Trending Topics

More inmates on house arrest could ease Mo. jail staffing crisis

Staff shortages are at a crisis stage with as few as two COs overseeing as many as 190 inmates on a single floor at times

Document.jpg

By adding two employees to the house-arrest program, the county corrections department could monitor as many as 200 to 300 pre-trial inmates on ankle bracelets.

Photo/Jackson County DOC

By Mike Hendricks
The Kansas City Star

KANSAS CITY, Mo. — Jackson County hopes to double or triple the number of inmates on house arrest as one way to compensate for a shortage of guards to adequately guard prisoners at the county detention center, officials said Monday.
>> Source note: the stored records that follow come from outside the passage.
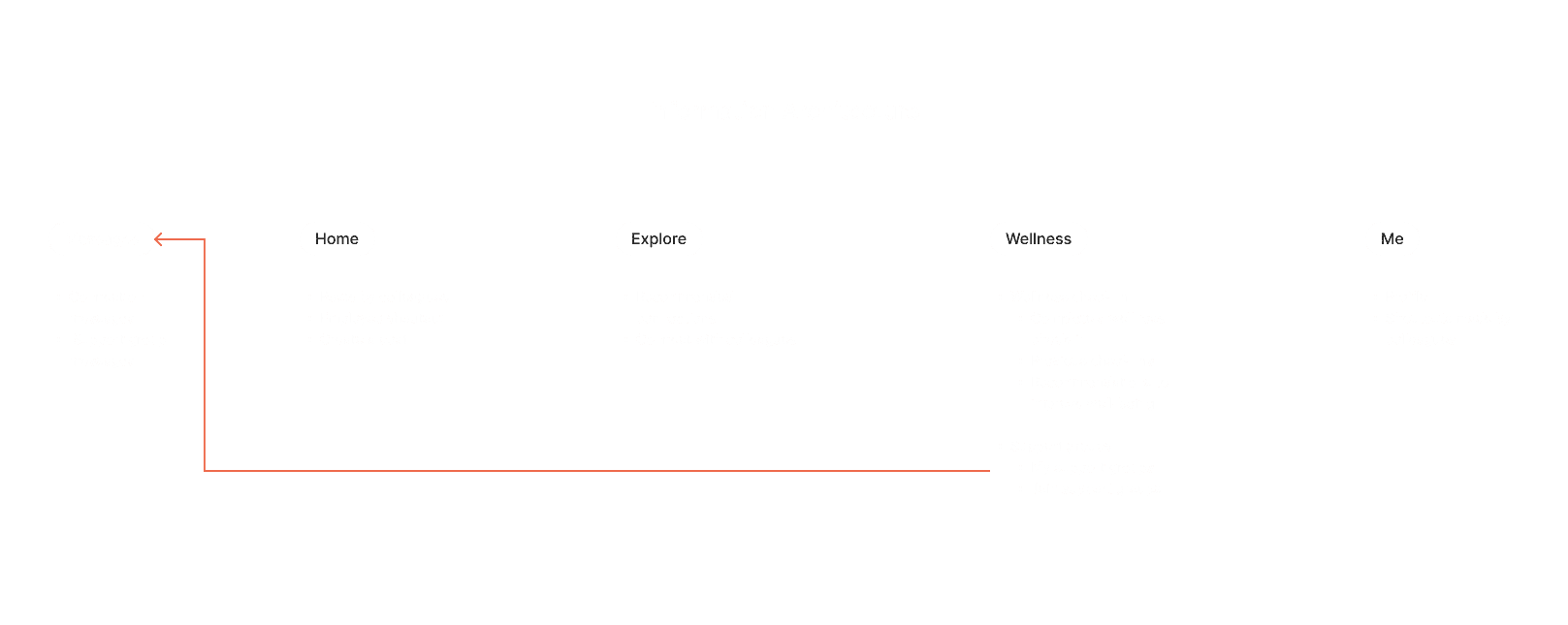Shows the user flow of the app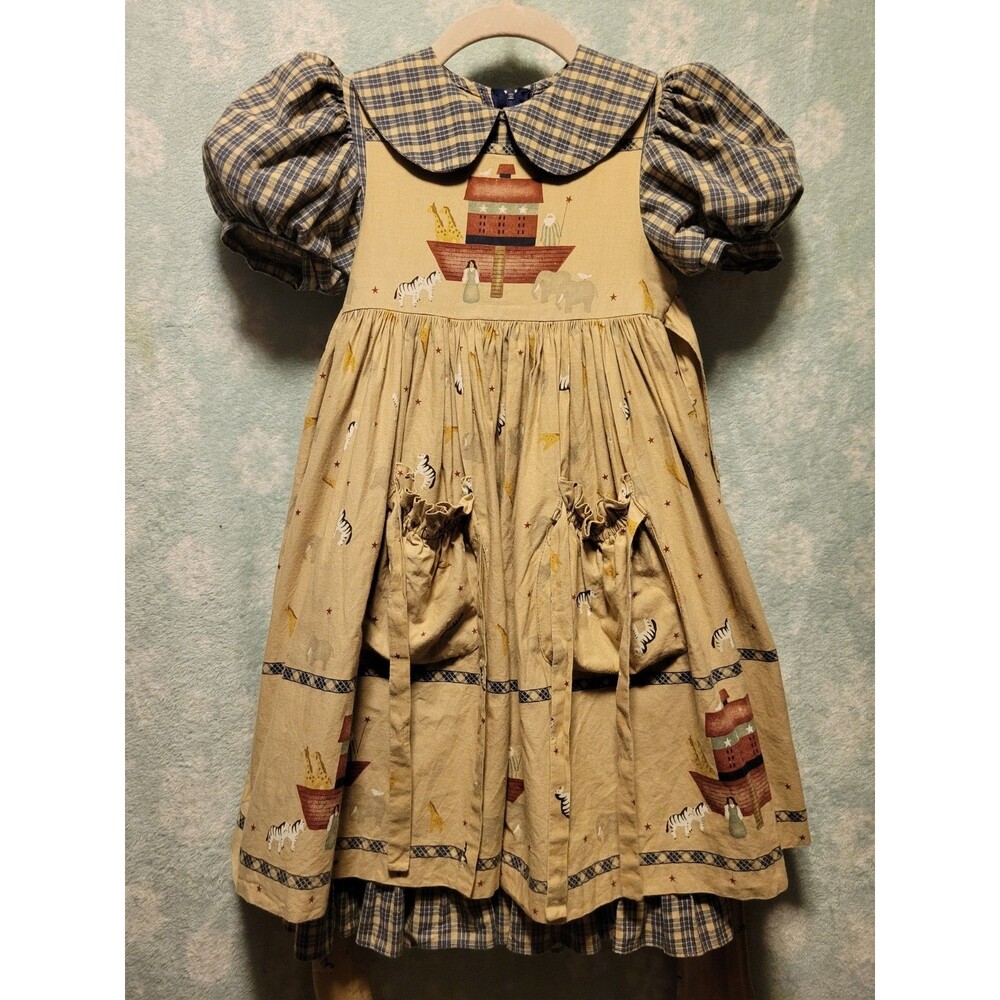 Daisy Kingdom Noah’s Ark Cotton Pinafore Dress Apron 2-4 Year Old Handmade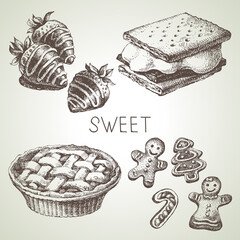 Hand drawn sketch sweet dessert set. Vector black and white vintage illustration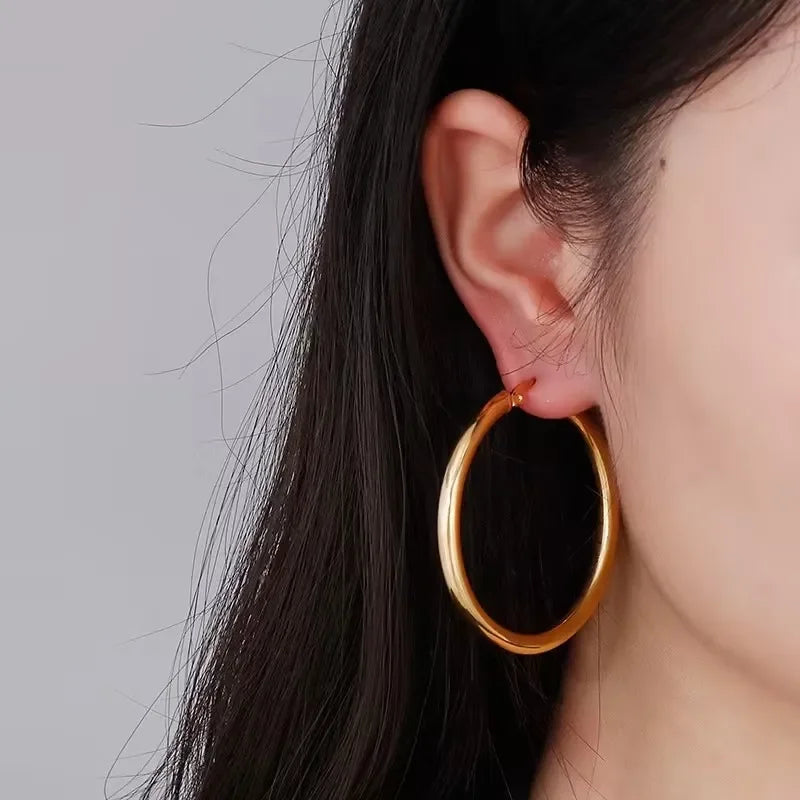 ASONSTEEL Simple Stainless Steel Hoop Earrings | Glossy Minimalist Classic Circles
By adding two employees to the house-arrest program, the county corrections department could monitor as many as 200 to 300 pre-trial inmates on ankle bracelets, compared to the 100 now in the program on any particular day.

That reduction in the number of inmates in a jail that now houses 944 each night on average would improve the ratio of guards to inmates, officials believe.

But it is only one of several measures County Executive Frank White has authorized to address dangerous staffing shortages as he and the county legislature consider long-term, costly solutions. Namely, a sizable pay raise for corrections officers whose wages are the lowest in their field in the metro area.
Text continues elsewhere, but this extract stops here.